Appendix 0.A Appendix 1: Dataset Statistics

In this section, we provide statistics of the SVBM dataset. The dataset contains 1.4 million training images and 140k testing images. Each image represents a business store-front, and a list of business candidates are associated with it. The task is to identify which business the store-front image represents. Scene text related technique is a natural choice for this task since almost all store-front images have text on it representing the business name. These statistics give a clearer properties of this dataset.

Fig. 9(a) shows the data distribution w.r.t the number of text candidates for each image. We can see that most images have less than 600 text candidates.

Figure 10: (a)The data distribution and cumulative distribution w.r.t number of candidates for each image. (b) The data distribution and cumulative distribution w.r.t text length.

In fig 9(b), we show the data distribution w.r.t the text length of each candidate. We can see that almost all candidates are between length from 0 - 100. It is safe to remove any candidates that are longer than 100. However, it is important to set a cut-off length, or maximum text length that we consider. We showed that in the experiments in paper.

In fig 11, we show the data distribution of negative text candidates w.r.t the edit distance between it with the positive candidate for that specific image.

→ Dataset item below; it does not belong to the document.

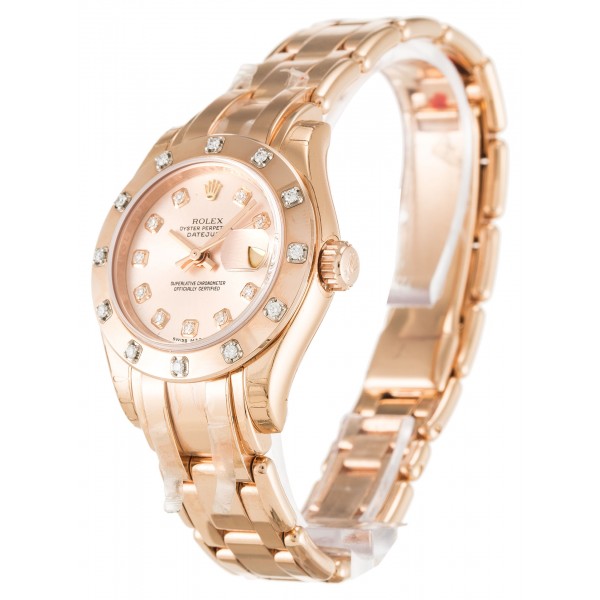 UK Rose Gold set with Diamonds Rolex Pearlmaster 80315-29 MM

Figure 11: The Data distribution w.r.t the edit distance between the positive candidate and negative candidate.

As we mentioned in the paper, we can easily tell the hardness of a negative candidate based on its edit distance with the positive one. So we can tell from the figure that most negative candidates are relatively easier(For e.g: edit distance larger than 10). This is also why we need hard negative mining to train a better model.

Appendix 0.B Appendix 2: Baseline

In major experiment in SVBM dataset, we use “no attention” to refer to a baseline method. The method is based on [27]. In Fig. 12, we show the architecture of the baseline model. The difference is that we only give a binary prediction.

Figure 12: The architecture of the baseline model “no attention”.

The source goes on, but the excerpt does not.